## EXERCISE OBJECTIVE
Go through the data below and copy it exactly, skipping every picture.

....

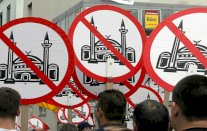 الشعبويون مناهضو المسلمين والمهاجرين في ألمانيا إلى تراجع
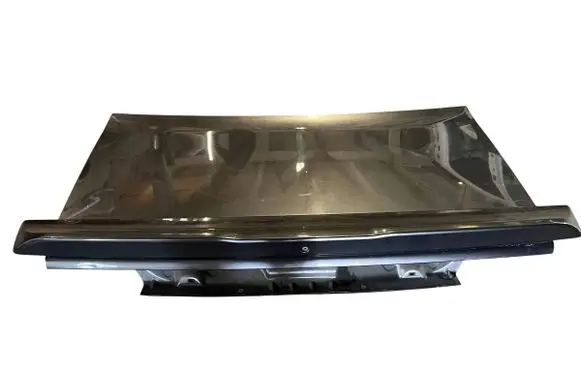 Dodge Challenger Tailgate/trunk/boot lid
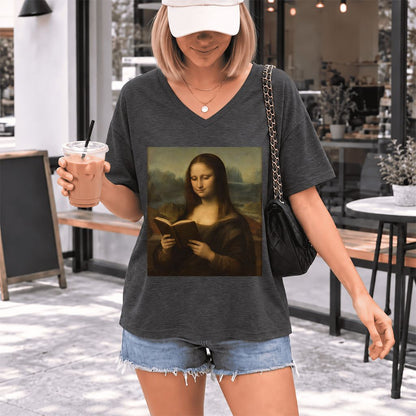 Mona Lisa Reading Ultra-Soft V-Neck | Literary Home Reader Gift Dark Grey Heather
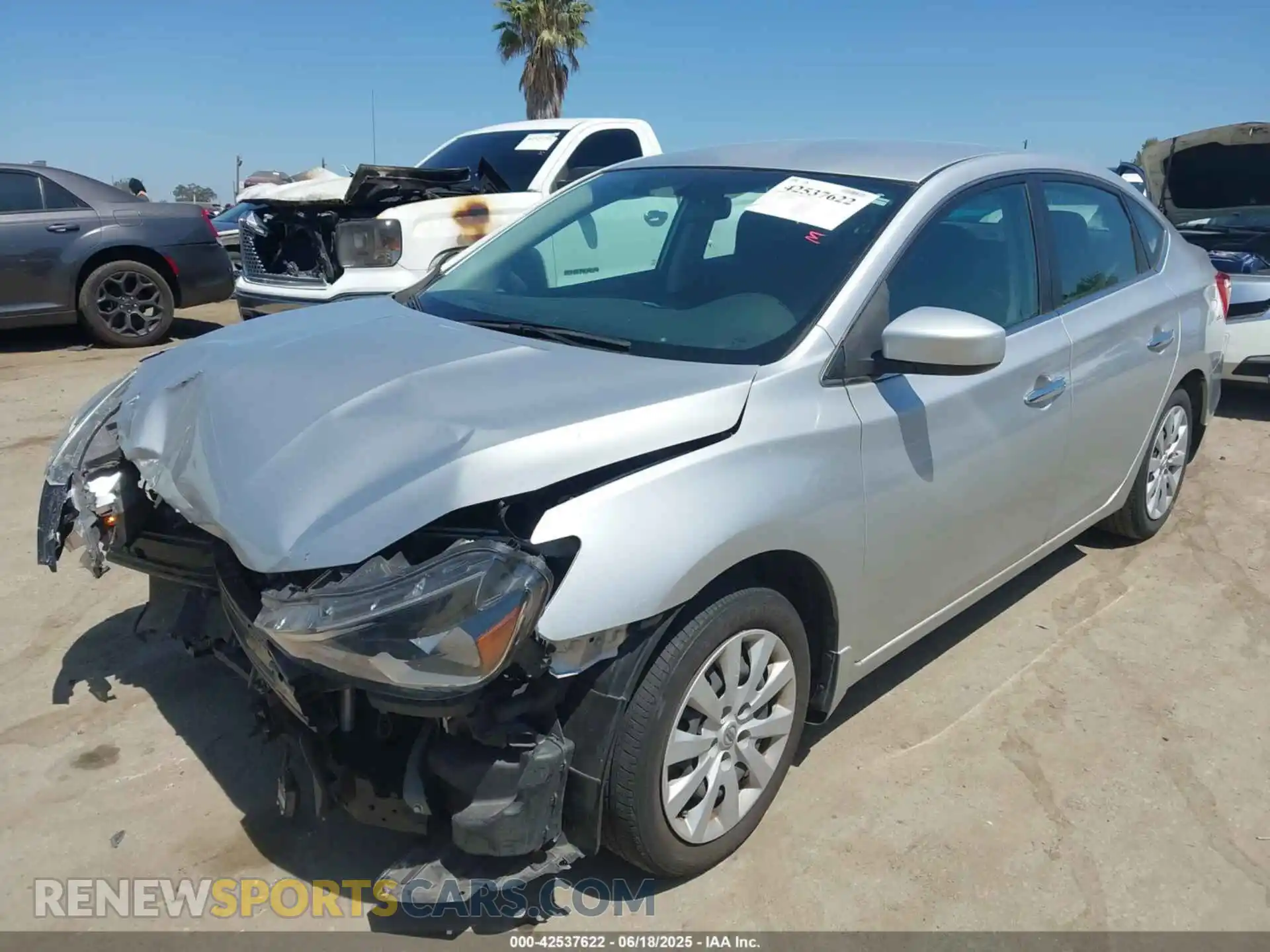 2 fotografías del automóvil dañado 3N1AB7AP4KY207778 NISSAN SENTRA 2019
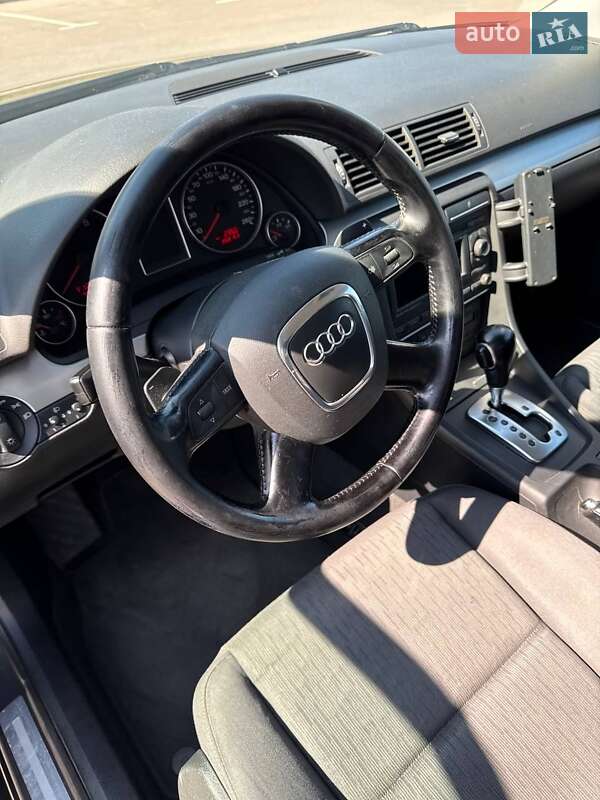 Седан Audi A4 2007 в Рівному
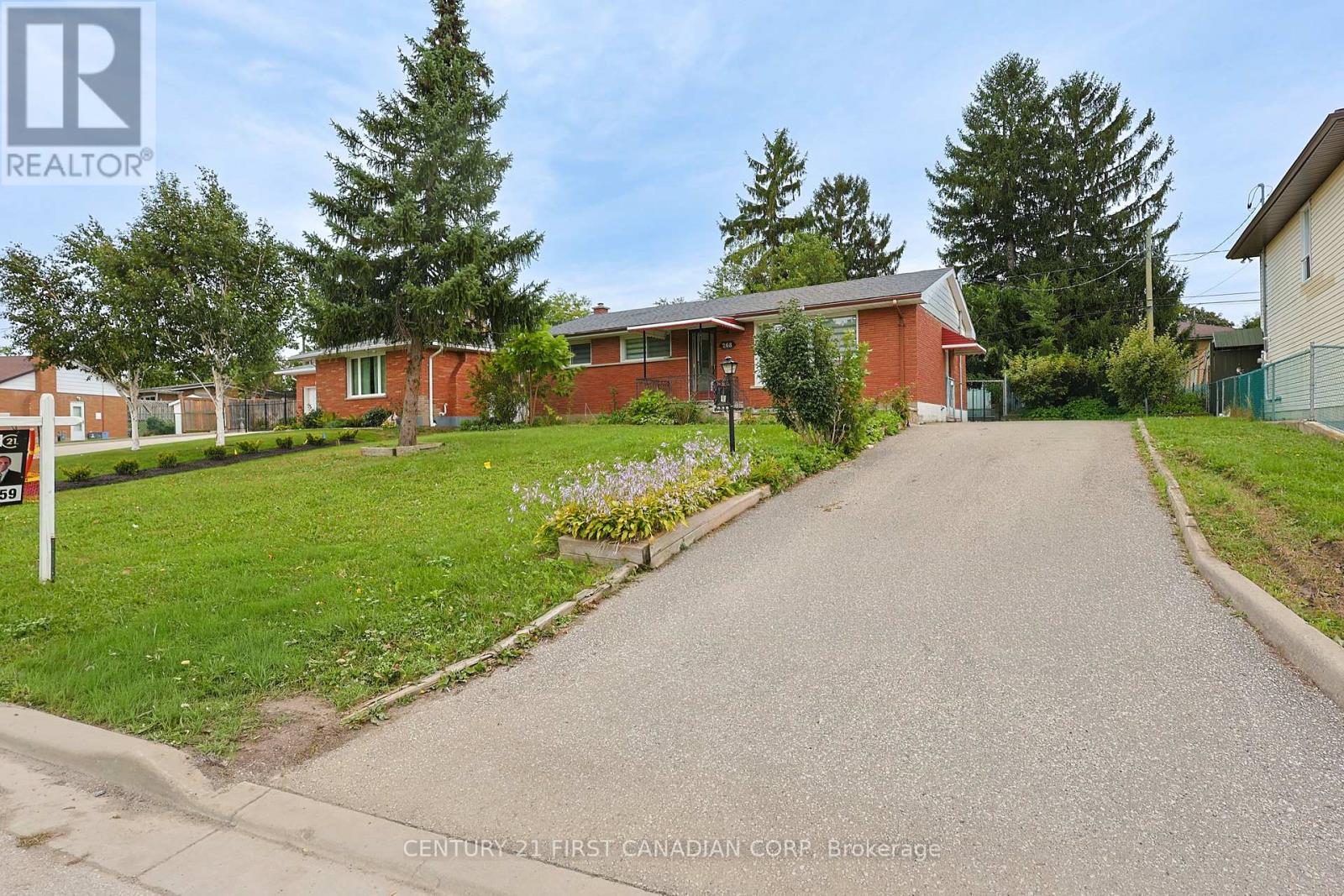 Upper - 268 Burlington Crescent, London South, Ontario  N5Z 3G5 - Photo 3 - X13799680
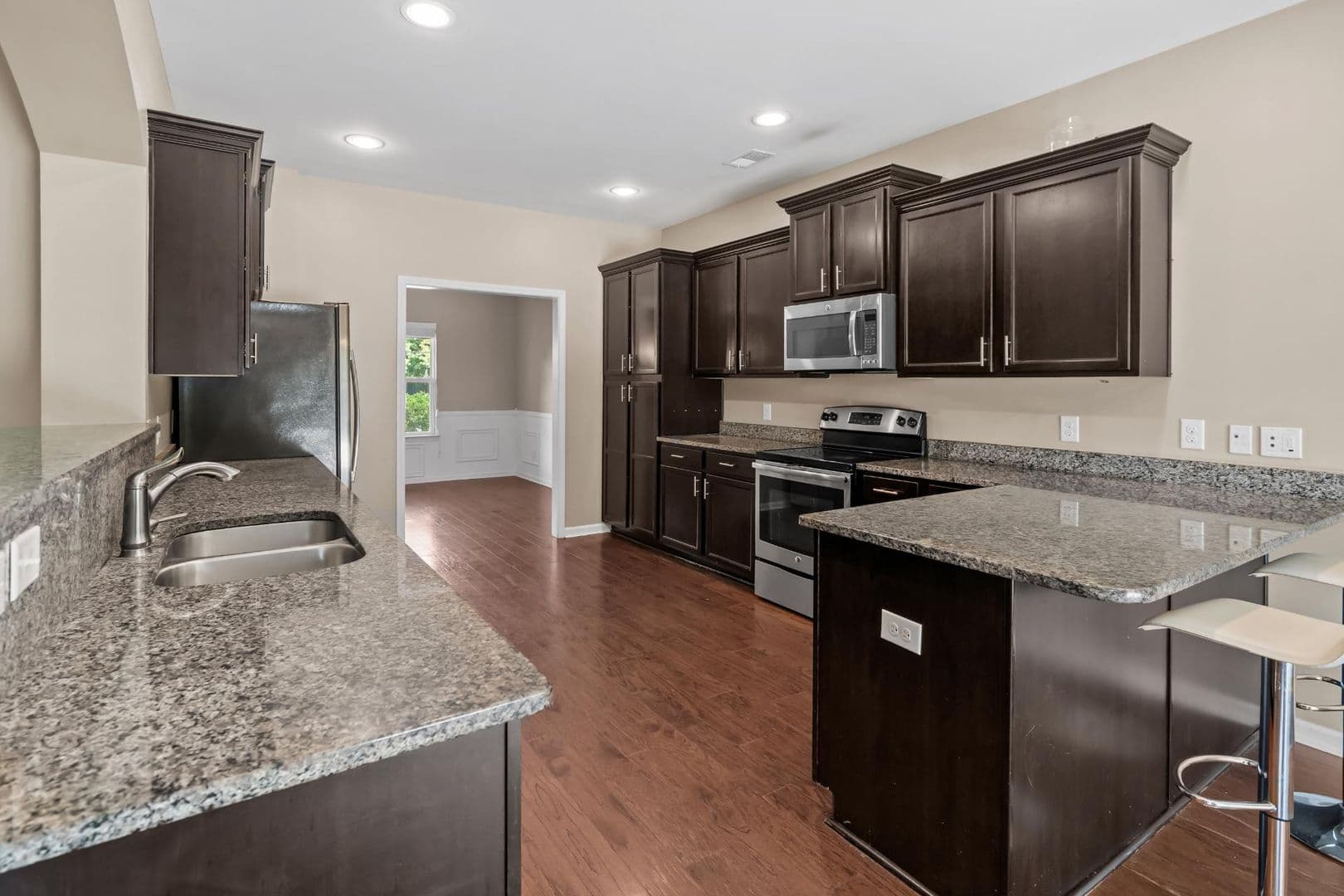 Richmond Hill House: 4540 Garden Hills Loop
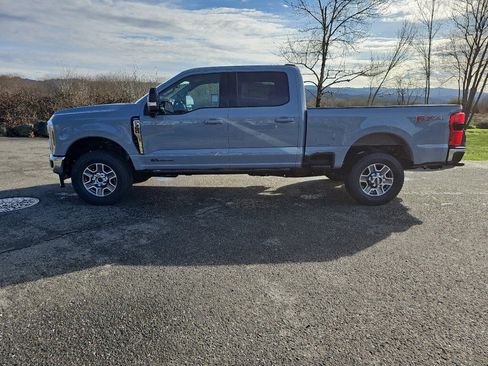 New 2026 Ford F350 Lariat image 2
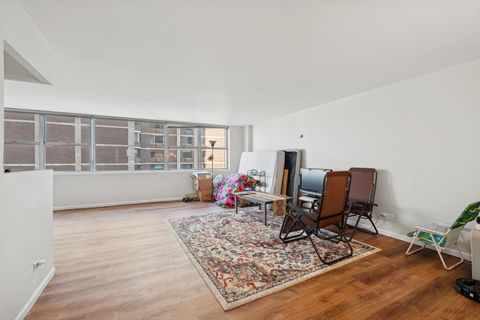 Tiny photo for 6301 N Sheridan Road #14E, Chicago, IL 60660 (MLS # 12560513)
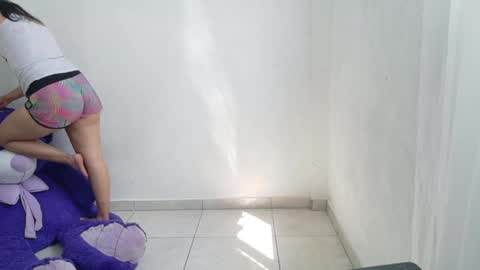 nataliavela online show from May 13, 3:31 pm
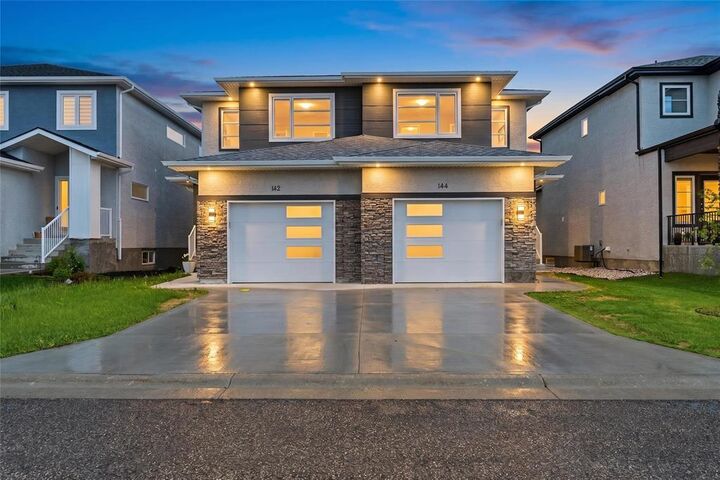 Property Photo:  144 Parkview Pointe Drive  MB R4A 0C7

....

## ANSWER SPACE
 الشعبويون مناهضو المسلمين والمهاجرين في ألمانيا إلى تراجع
 Dodge Challenger Tailgate/trunk/boot lid
 Mona Lisa Reading Ultra-Soft V-Neck | Literary Home Reader Gift Dark Grey Heather
 2 fotografías del automóvil dañado 3N1AB7AP4KY207778 NISSAN SENTRA 2019
 Седан Audi A4 2007 в Рівному
 Upper - 268 Burlington Crescent, London South, Ontario  N5Z 3G5 - Photo 3 - X13799680
 Richmond Hill House: 4540 Garden Hills Loop
 New 2026 Ford F350 Lariat image 2
 Tiny photo for 6301 N Sheridan Road #14E, Chicago, IL 60660 (MLS # 12560513)
 nataliavela online show from May 13, 3:31 pm
 Property Photo:  144 Parkview Pointe Drive  MB R4A 0C7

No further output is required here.